Other critics have concerns about the stockpiling of rhino horn, detecting a profit motive beneath a facade of conservation. “Are you trying to mask an economic incentive behind a conservation philosophy?” asks Neil Greenwood, the Southern African director for the International Fund for Animal Welfare, an NGO. “I don’t think that the captive breeding is necessarily the most effective way to protect those animals.”

At issue are larger questions about the future of wildlife in South Africa, where populations of large, charismatic animals have rebounded. Many are in private hands: Today, according to the government report, there are 9,000 private game ranches in South Africa, comprising around 50 million acres.

The growth of private game reserves has raised some concerns about equity. South Africa is the most unequal society in the world, according to the World Bank, and land ownership patterns remain skewed in favor of the White minority.

According to the government policy paper, many communities with historical ties to wildlife lands have been walled out of the present conservation arrangement. “The forceful removal of people from the land led to the current South African ‘Wildlife Model,’ the report says, “where the largest percentage of wildlife land is owned by the White minority and by the state, with few wildlife resources on community lands.”
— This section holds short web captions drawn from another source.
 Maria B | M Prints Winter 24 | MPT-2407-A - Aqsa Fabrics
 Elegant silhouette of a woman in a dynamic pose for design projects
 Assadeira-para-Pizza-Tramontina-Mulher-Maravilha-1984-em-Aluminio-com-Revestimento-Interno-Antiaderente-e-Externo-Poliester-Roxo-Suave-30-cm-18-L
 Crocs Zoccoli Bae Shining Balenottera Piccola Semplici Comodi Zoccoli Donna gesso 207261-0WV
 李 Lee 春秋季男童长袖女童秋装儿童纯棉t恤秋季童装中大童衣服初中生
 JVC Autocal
Critics note that these conservation disputes are unfolding amid persistent government failures to enact land reforms. “The disparities in ownership in the wildlife industry somewhat reflects what we see in other sub-sectors of agriculture, where participation of Black farmers remains marginal,” says Wandile Sihlobo, the chief economist at the Agricultural Business Chamber of South Africa and author of a recent book on land reform in the country.
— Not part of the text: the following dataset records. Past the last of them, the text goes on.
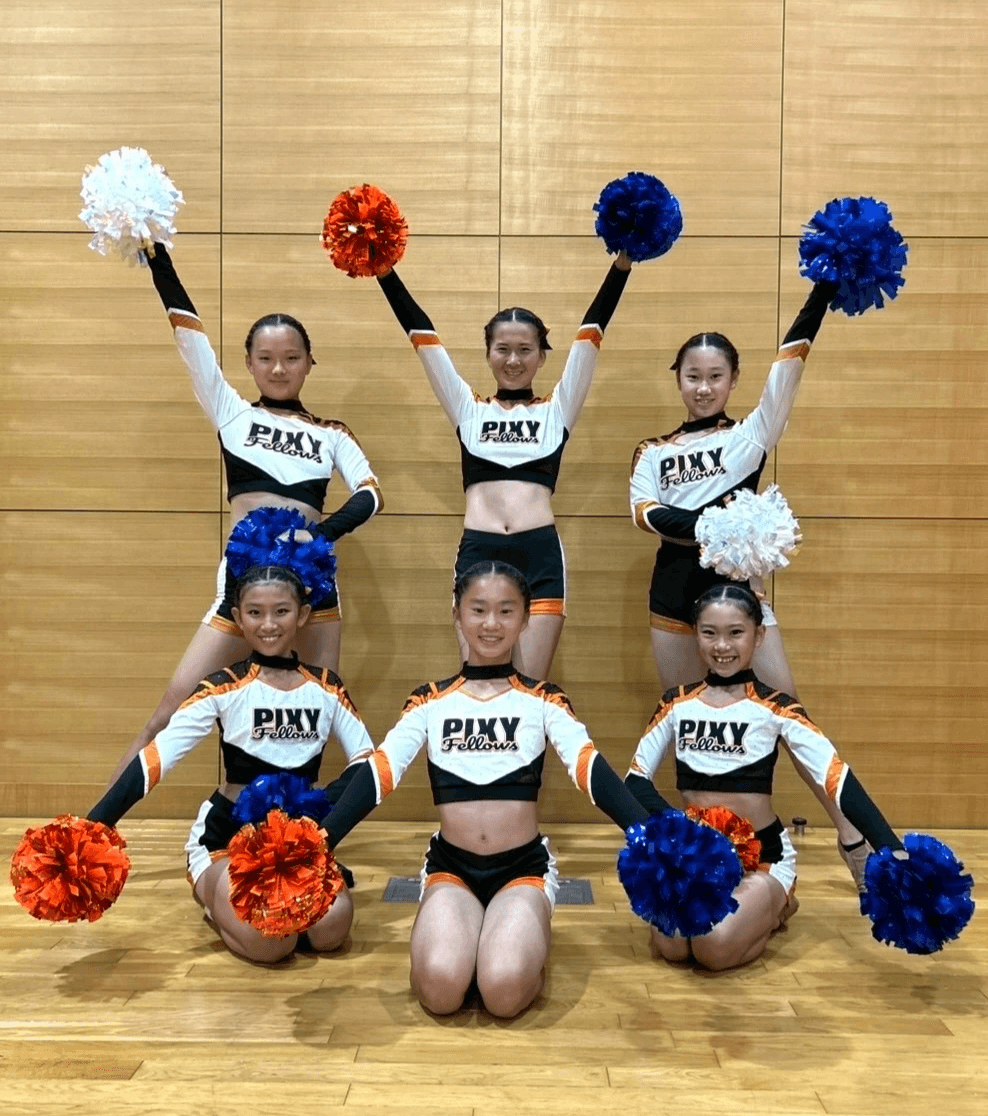 チアダンス　発表会の服（Woo⭐︎） チアダンス キッズダンス 飛鳥ダンススクール ＃12 Japan Hot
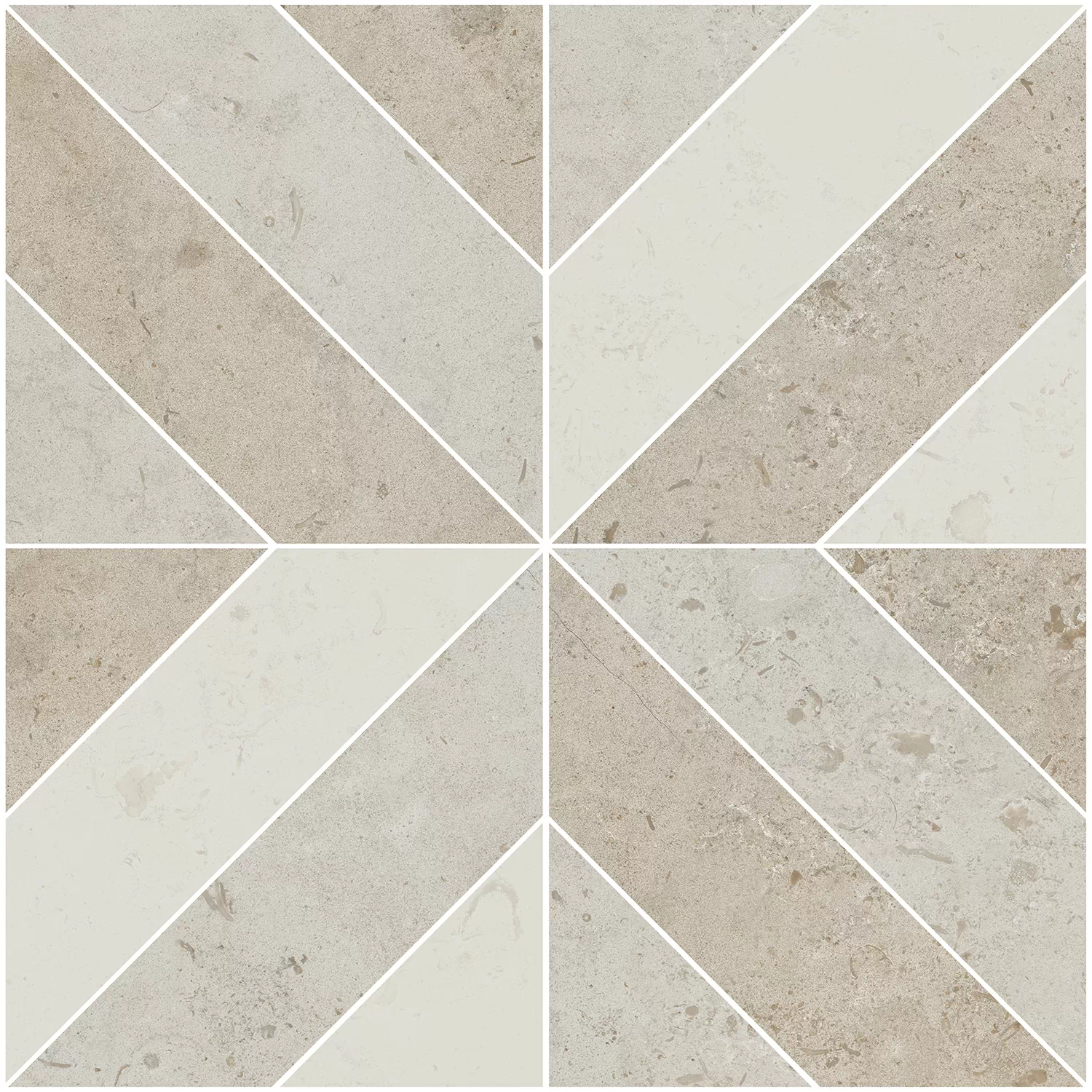 Керамогранит ID125T Декор Про Лаймстоун бежевый матовый 60х60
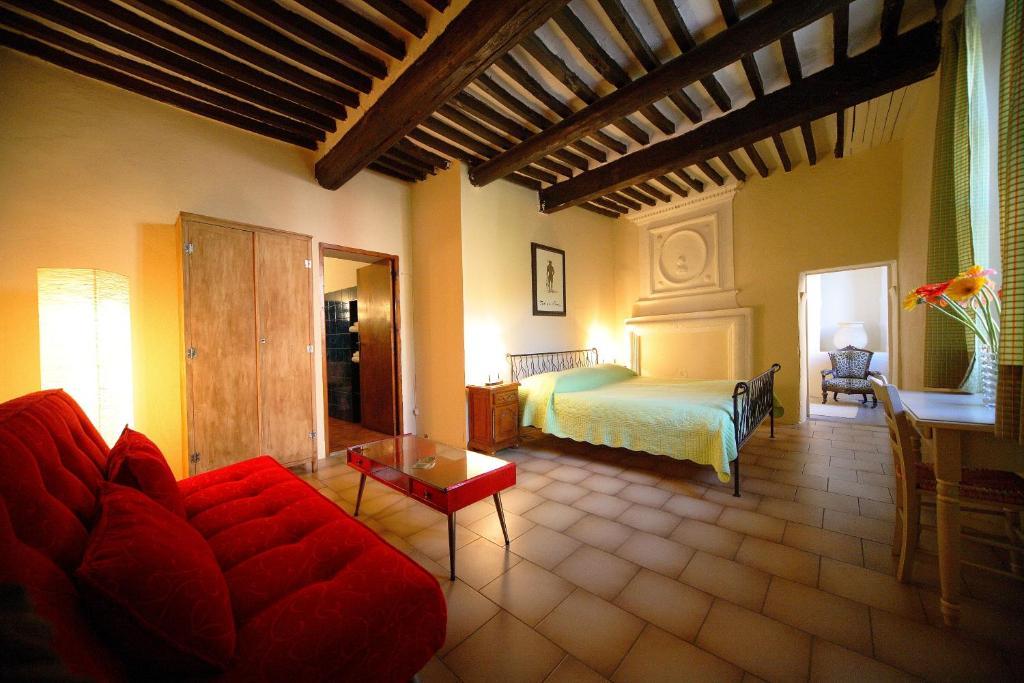 Belle De Nuit Bed and Breakfast Oppède Δωμάτιο φωτογραφία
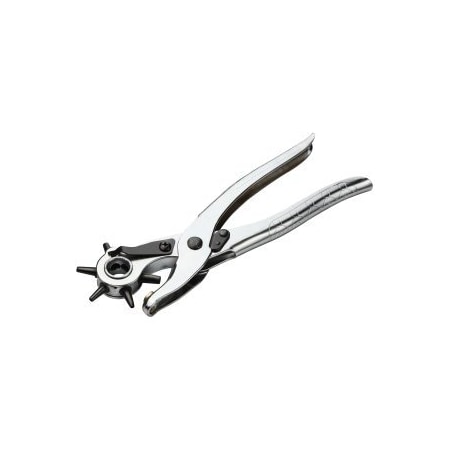 Tolsen Revolving Leather Punch 6 Sizes, 40-Cr Hardened, Chrome Plated 10101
As part of its vision, the government panel calls for the removal of fences separating many conservation areas. The report envisions “an authentic wild sense of place” with “larger contiguous areas containing vibrant self-sustaining populations” of elephants, buffalos, lions, leopards, rhinos, and other species.
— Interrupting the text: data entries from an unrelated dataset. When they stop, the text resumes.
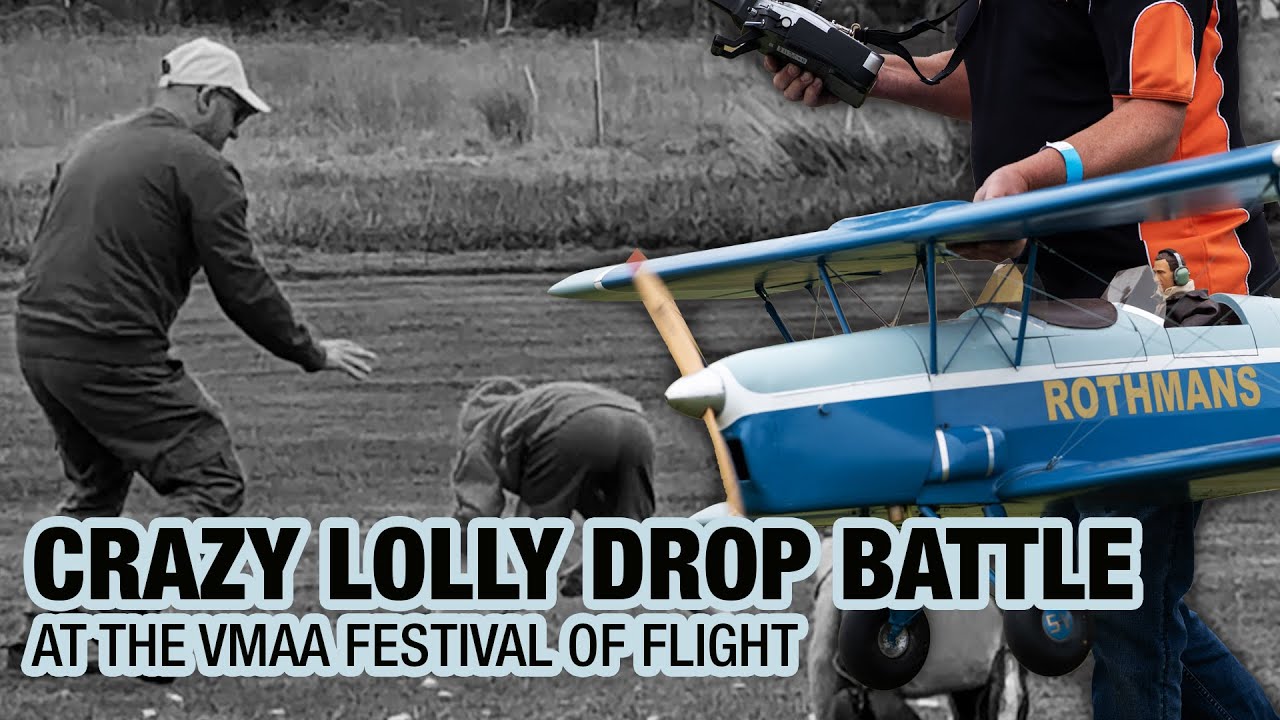 Festival of Flight -Things got messy at the lolly drop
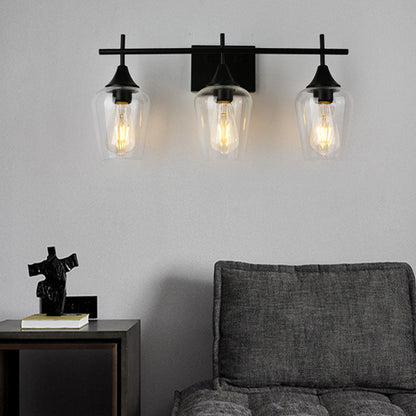 Traditional Wine Glass Iron 2/3 Light Wall Sconce Lamp
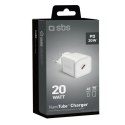 Ładowarka sieciowa SBS TETRGAN1C20W 20W GaN z Power Delivery - biała SBS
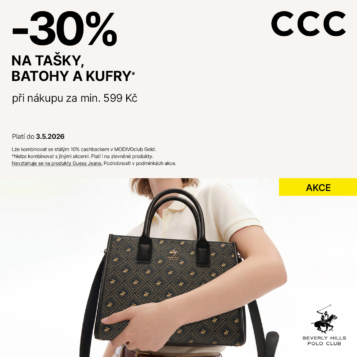 CCC AKCE -30% NA TAŠKY, BATOHY A KUFRY
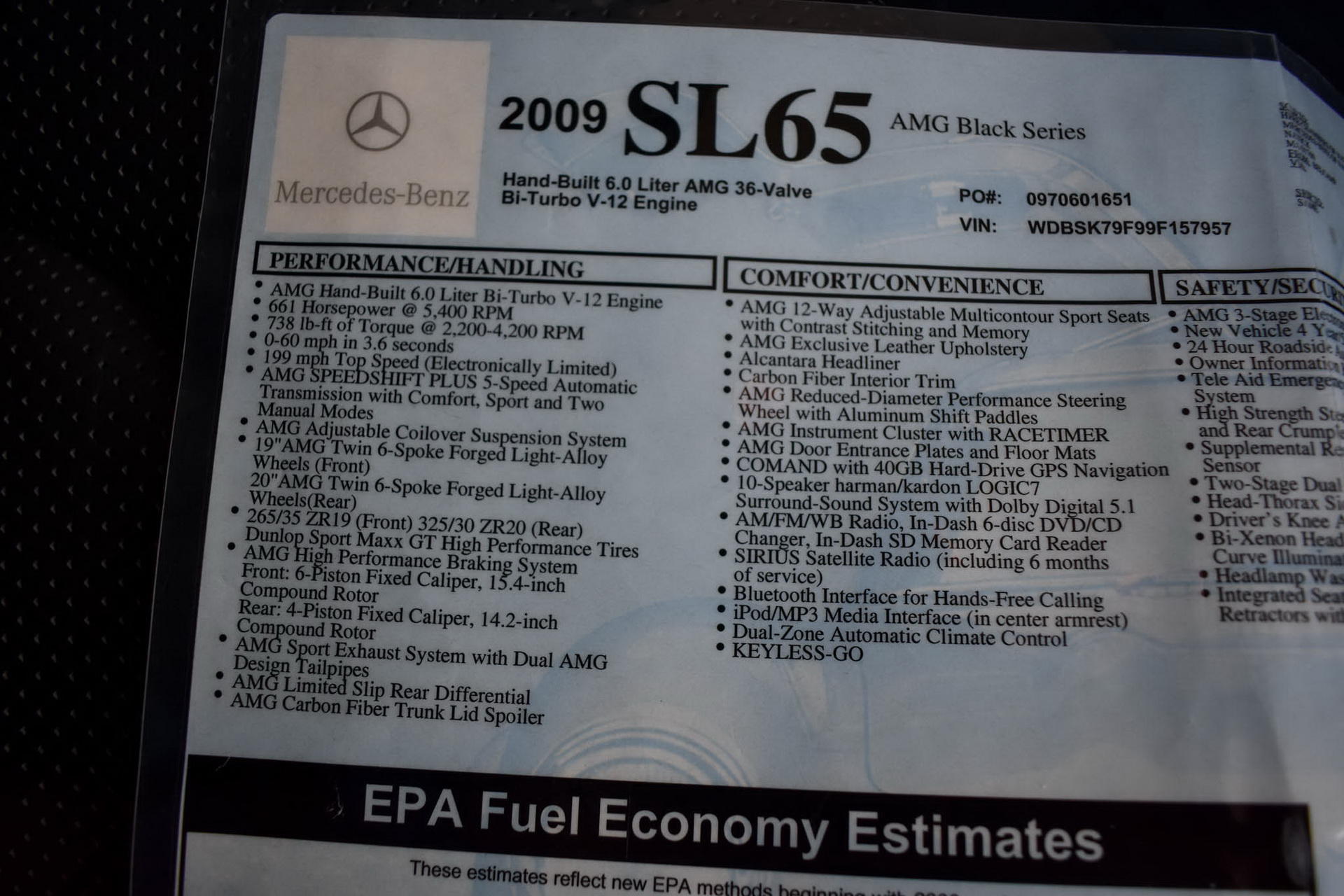 Want To Play Hardcore? Try This 2009 Mercedes-Benz SL65 AMG Black Series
“Are you trying to mask an economic incentive behind a conservation philosophy?” 

Neil Greenwood, International Fund for Animal Welfare

That’s far from the present reality: In South Africa all megafauna except leopards are contained in fenced areas of some kind. And the government panel’s broader vision of wildness has elicited some skepticism from conservationists—and private rhino owners. In a written submission raising objections to the new policy, PROA argues that “human beings in South Africa and across the world simply do not have the luxury of a utopian concept of wild animals roaming across millions of hectares of unfenced, uninhabited, and human-free plains.”

In an email, Momberg wrote that Barbara Creecy, minister of Forestry, Fisheries, and the Environment, preferred not to comment, explaining that officials are still reviewing public responses to the proposal.

For now, Hume’s rhino breeding operation is continuing to grow. On a recent morning, Otto and other Hume employees prepared to dehorn 19 bulls—a brisk, clinical undertaking.

While the rhinos may live carefully managed lives on a ranch, they remain dangerous. Aiming a rifle-like tranquillizer gun out the window of her Toyota Landcruiser, Otto shot a dart into each rhino, generally from around 50 yards. As the rhino wobbled, a member of the up to 15-person crew pulled a blindfold over its eyes, while several men ran in to keep the animal upright. Once the rhino was lying on its chest, one of the ranch’s managers used a hand-held electric saw to do the trimming.

“We are cutting above the growth plate,” Otto said as the saw sliced through the horn of a 2-ton bull. “The section they are trimming is excess horn that contains no blood vessels or nerves.”

When the trimming was complete, Otto injected the rhino with an antidote to the tranquilizer.

“You don’t want to be next to him when he wakes up,” she cautioned. The situation was unnatural, but a rhino is a rhino.